Chapter I: The Departure of Boromir

For one of the first times (if not the first time), our POV character is Aragorn. Now that the fellowship is broken we’ll see the story from many more perspectives than before, when we saw things through the hobbits’ eyes, and that mostly Frodo and Sam. So Aragorn is still looking for Frodo when he hears Boromir’s horn. Knowing that Boromir would only sound the horn if he were in dire need, he goes running, encounters orcs (which he quickly dispatches), and then finds Boromir.

Boromir is alone and he’s been pierced many times by orc arrows, and his horn is cut in two. He wakes up and sees Aragorn and confesses what he’s done: “I tried to take the Ring from Frodo… I am sorry. I have paid.” Though he briefly fell under the Ring’s influence earlier, he knows he was wrong. The Ring would not help him save his people, and he was wrong to try to take it from Frodo. He tried to defend Merry and Pippin from the orcs, even after he had cursed all hobbits, and now is dying. The hobbits were taken, he won’t be able to defend his people, and he gave in to the Ring’s temptation, however briefly. It’s a lot to take in, and Boromir believes he’s failed.

He’s wrong, though. He realized his error on his own, and if he’d had the chance I don’t believe he would have given in again, even if Frodo had offered the Ring to him.  He has given his life defending his friends. Boromir has not failed, and Aragorn tells him so: “You have conquered. Few have gained such a victory. Be at peace! Minas Tirith shall not fall!” His victory is not in the strength of arms, but in the strength of mind and character: he resisted the Ring at the last, and there are few in Middle-earth who can claim that.

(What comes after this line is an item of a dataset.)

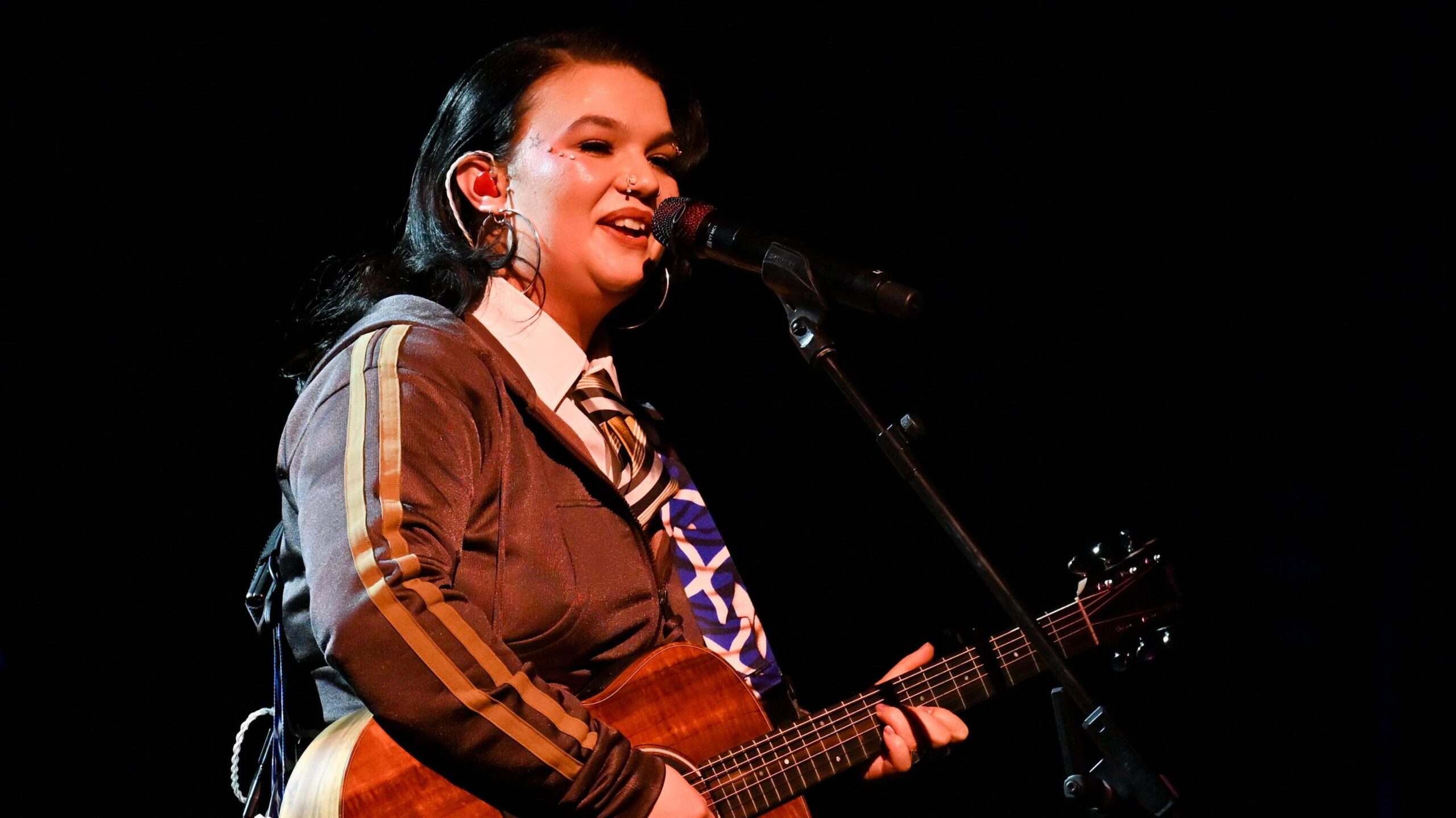 Lola young on stage playing an acoustic guitar and singing into a microphone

Boromir dies with a smile.

His death scene in Peter Jackson’s 2001 film The Fellowship of the Ring was longer, and with added dialogue (not to mention being moved from its proper place in The Two Towers),  and was completely perfect. I cried every time I saw it in the theater, and it still gets me when I re-watch my DVDs. Thanks to their brilliant acting, Viggo Mortensen and Sean Bean truly convey Boromir’s redemption.

So Boromir is dead. He will never return to Minas Tirith to defend his people. But what now? Aragorn, Legolas, and Gimli don’t have time to build a cairn to mark his grave and they won’t leave him for the orcs and crows, so they decide to put him in one of the boats along with his weapons, his horn, and the weapons of the orcs he killed. While they’re gathering the weapons, they notice some odd orcs that are larger, use different weapons, and have a white hand emblazoned on their shields and helmets. They’ve never seen it before, but they surmise that these orcs come from Isengard at Saruman’s behest. It’s definitely not good news, but they don’t linger on it for long. They need to give Boromir his funeral rite, and then decide what comes next.

Once they’ve laid Boromir in the boat and sent it down the Anduin, Aragorn and Legolas sing a song about North, South, and West Winds looking for news of Boromir the Tall. Gimli chooses not to speak of the East Wind, where Mordor is.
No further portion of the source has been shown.